Appellate Division, Second Department

[*1]

Erika Nico et al., Respondents,

v

Adebambo Olajitan et al., Appellants.

Thorgood Law Firm (Shamsey T. Oloko and Roland R. Acevedo, New York, NY, of counsel), for appellants.

Jonathan D’Agostino & Associates, P.C. (Daniel E. Scully, Brooklyn, NY, of counsel), for respondents.

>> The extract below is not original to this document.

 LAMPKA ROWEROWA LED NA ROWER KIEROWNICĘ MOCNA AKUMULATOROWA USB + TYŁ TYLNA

In an action to recover damages for personal injuries, etc., the defendants appeal from (1) an order of the Supreme Court, Richmond County (Wayne M. Ozzi, J.), dated March 7, 2023, and (2) an order of the same court dated April 28, 2023. The order dated March 7, 2023, insofar as appealed from, denied that branch of the defendants’ motion which was, in effect, to vacate (1) an order of the same court dated August 14, 2020, granting the plaintiffs’ unopposed motion for leave to enter a default judgment against the defendants, and (2) a judgment of the same court dated October 17, 2022, made after an inquest on the issue of damages, which is in favor of the plaintiff Craig Nico and against the defendants in the principal sum of $75,000. The order dated April 28, 2023, insofar as appealed from, denied those branches of the defendants’ motion which were for leave to reargue that branch of the defendants’ prior motion which was, in effect, to vacate the order dated August 14, 2020, and the judgment dated October 17, 2022, and pursuant to CPLR 5015 (a) (3) to vacate the default judgment entered against them.

Ordered that the appeal from so much of the order dated April 28, 2023, as denied that branch of the defendants’ motion which was for leave to reargue is dismissed, as no appeal lies from an order denying reargument ( see Saks v Saks , 199 AD3d 950 [2021]); and it is further, Ordered that the order dated March 7, 2023, is affirmed insofar as appealed from; and it is further, Ordered that the order dated April 28, 2023, is affirmed insofar as reviewed; and it is further, Ordered that one bill of costs is awarded to the plaintiffs.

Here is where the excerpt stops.